■ **What you have to do**:
Below are some entries. Copy each line that holds the string "diskas".

Collected data
━━━━━━━━

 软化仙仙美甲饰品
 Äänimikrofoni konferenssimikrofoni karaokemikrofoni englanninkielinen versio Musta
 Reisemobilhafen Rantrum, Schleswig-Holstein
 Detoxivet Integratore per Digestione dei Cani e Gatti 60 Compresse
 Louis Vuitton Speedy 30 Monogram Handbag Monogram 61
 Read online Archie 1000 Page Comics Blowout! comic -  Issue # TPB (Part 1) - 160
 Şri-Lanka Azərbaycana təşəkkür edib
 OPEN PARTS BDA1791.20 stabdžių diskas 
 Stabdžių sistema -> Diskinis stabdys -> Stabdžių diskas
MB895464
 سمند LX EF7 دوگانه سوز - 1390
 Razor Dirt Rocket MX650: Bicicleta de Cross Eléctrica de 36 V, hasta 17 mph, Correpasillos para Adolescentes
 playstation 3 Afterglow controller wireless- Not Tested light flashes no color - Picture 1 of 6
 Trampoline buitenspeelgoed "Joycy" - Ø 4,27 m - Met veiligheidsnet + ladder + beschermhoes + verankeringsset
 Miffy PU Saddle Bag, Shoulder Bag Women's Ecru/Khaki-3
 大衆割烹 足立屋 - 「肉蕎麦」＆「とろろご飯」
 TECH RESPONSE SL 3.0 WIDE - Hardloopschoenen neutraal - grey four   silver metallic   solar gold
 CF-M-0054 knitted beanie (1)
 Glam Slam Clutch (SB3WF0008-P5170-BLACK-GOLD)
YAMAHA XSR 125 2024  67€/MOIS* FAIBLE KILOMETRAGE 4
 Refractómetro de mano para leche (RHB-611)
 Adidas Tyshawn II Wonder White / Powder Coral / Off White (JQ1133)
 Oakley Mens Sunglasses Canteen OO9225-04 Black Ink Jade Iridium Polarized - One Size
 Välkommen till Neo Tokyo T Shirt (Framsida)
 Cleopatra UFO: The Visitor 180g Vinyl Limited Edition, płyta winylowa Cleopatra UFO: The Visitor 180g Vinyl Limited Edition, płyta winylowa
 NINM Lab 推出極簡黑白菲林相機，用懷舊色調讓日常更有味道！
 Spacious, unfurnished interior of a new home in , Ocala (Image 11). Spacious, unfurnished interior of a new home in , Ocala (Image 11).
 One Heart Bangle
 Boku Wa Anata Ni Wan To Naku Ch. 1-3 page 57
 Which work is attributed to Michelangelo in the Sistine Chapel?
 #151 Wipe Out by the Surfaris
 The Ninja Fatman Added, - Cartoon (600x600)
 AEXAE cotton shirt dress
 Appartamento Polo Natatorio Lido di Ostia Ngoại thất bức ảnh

━━━━━━━━

■ **Result for this exercise**:
 OPEN PARTS BDA1791.20 stabdžių diskas 
 Stabdžių sistema -> Diskinis stabdys -> Stabdžių diskas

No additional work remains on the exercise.